Transcribe every line from the one containing "PBB Torre KU" to the end of the listing, exactly as written, and leave out the pictures.

| Material provided |
______

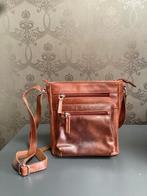 Schoudertas unisex cognac leder, Handtassen en Accessoires, Tassen | Schoudertassen, Ophalen of Verzenden, Zo goed als nieuw, Bruin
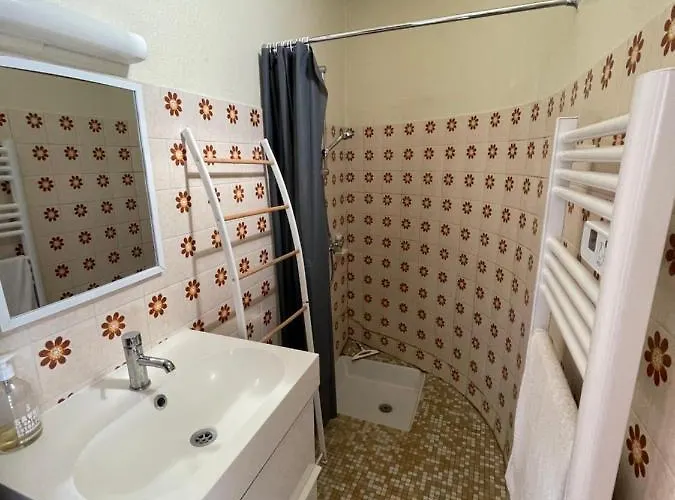 35m2 Terrasse Et Jardin Quartier Calme Au Centre De * لورد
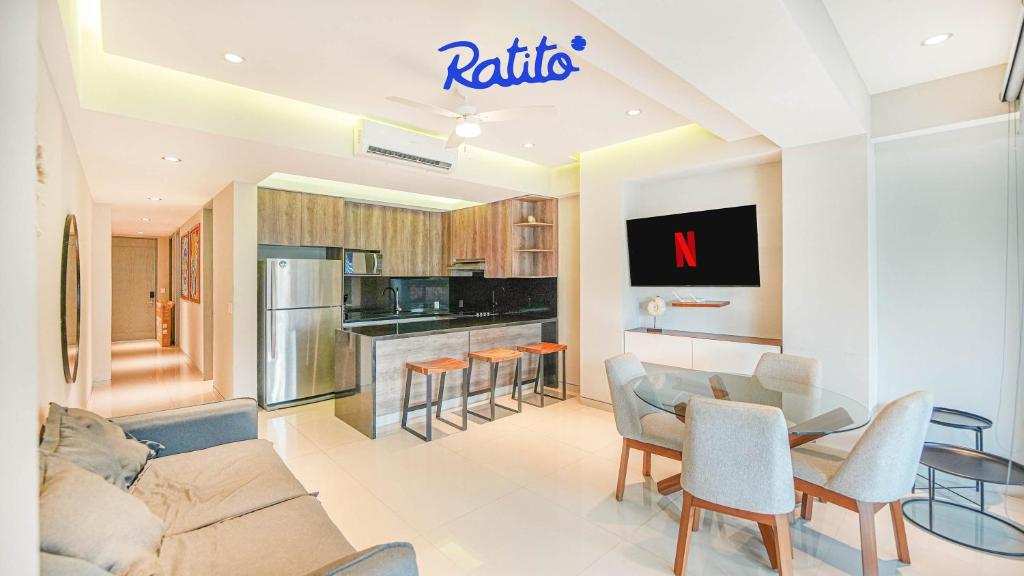 PBB Torre KU Amazing 1BR APT Sofa Bed Balcony - 1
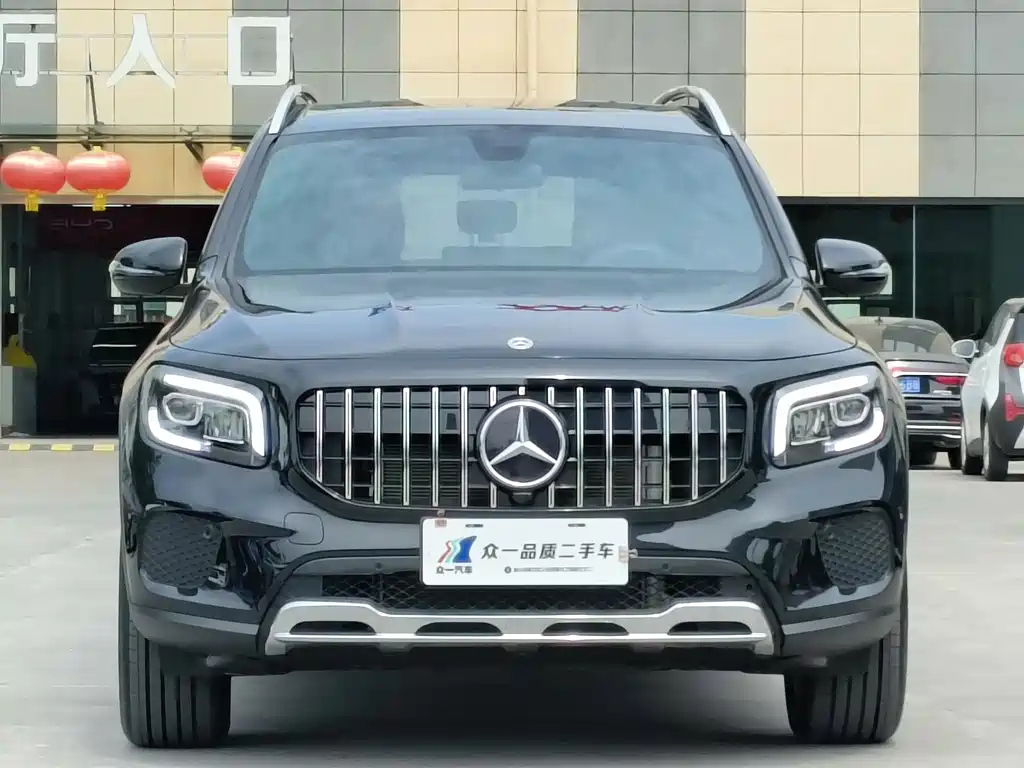 MERCEDES BENZ GLB 2023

______

| Response to the task |
 PBB Torre KU Amazing 1BR APT Sofa Bed Balcony - 1
 MERCEDES BENZ GLB 2023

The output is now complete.